__What you have to do__
Take from the entries below the stretch from the line with "IndicHues Floral Handpainted" through the line with "Louis Vuitton Monogram", and return it exactly, leaving the pictures out.

__Data shown__
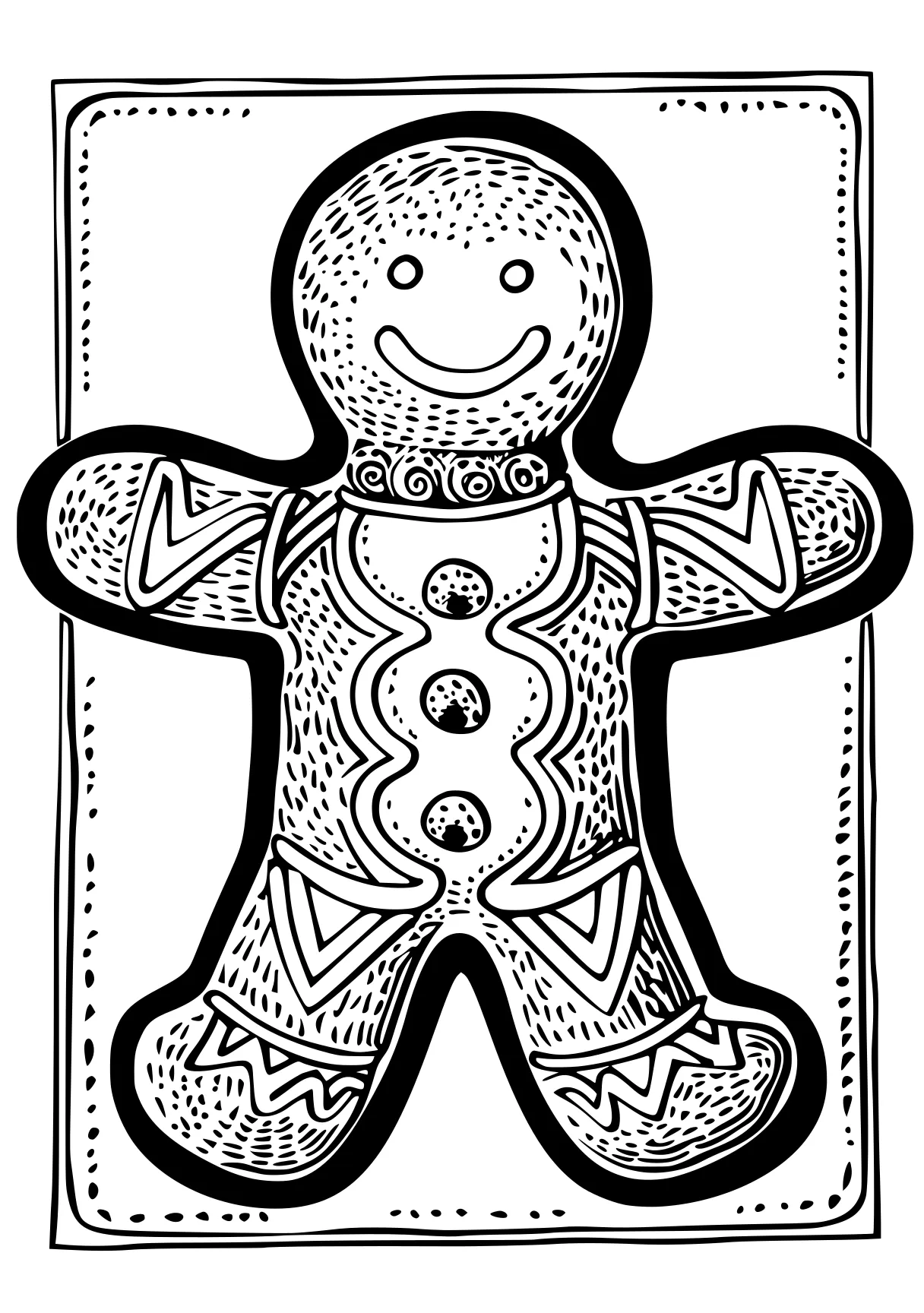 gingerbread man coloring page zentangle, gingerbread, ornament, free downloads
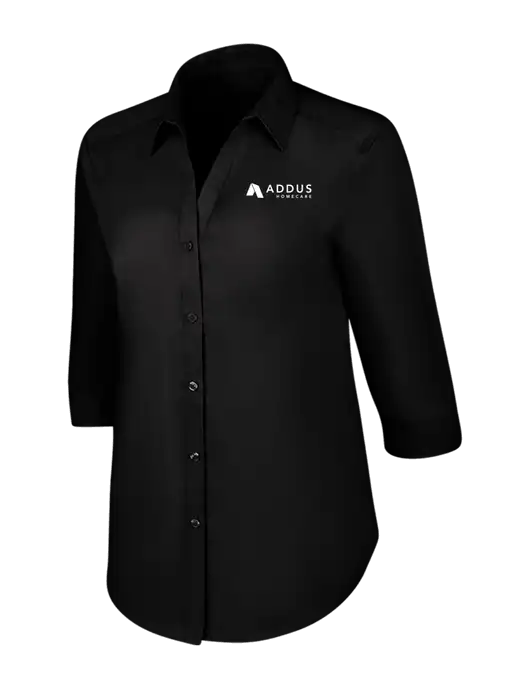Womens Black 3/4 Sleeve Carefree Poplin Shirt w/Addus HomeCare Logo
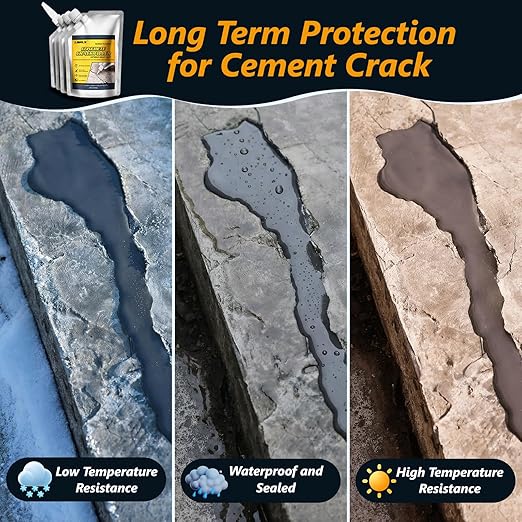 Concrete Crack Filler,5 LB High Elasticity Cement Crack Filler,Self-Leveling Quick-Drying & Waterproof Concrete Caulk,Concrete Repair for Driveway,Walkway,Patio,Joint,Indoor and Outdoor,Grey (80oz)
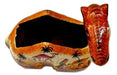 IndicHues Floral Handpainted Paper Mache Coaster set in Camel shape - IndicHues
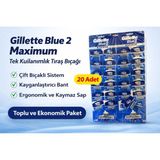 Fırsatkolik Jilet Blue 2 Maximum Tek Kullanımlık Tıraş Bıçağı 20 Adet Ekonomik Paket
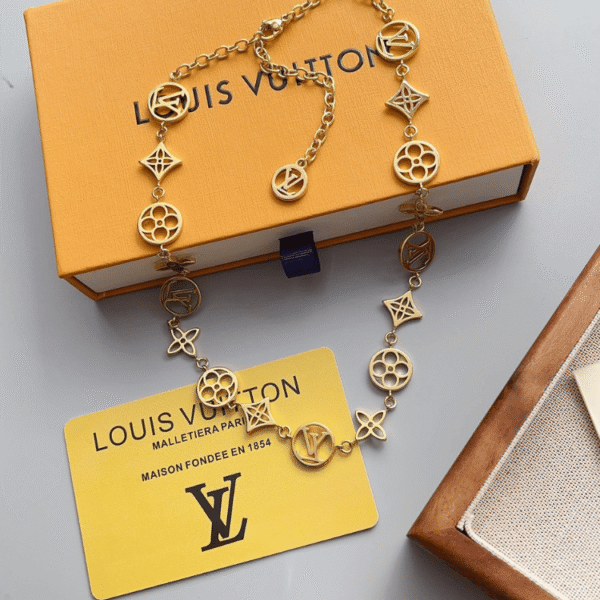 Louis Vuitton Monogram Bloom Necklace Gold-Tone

---

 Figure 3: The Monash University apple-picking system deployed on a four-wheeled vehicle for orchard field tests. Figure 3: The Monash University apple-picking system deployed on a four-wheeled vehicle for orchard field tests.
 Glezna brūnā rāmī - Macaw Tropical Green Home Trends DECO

__Result__
 IndicHues Floral Handpainted Paper Mache Coaster set in Camel shape - IndicHues
 Fırsatkolik Jilet Blue 2 Maximum Tek Kullanımlık Tıraş Bıçağı 20 Adet Ekonomik Paket
 Louis Vuitton Monogram Bloom Necklace Gold-Tone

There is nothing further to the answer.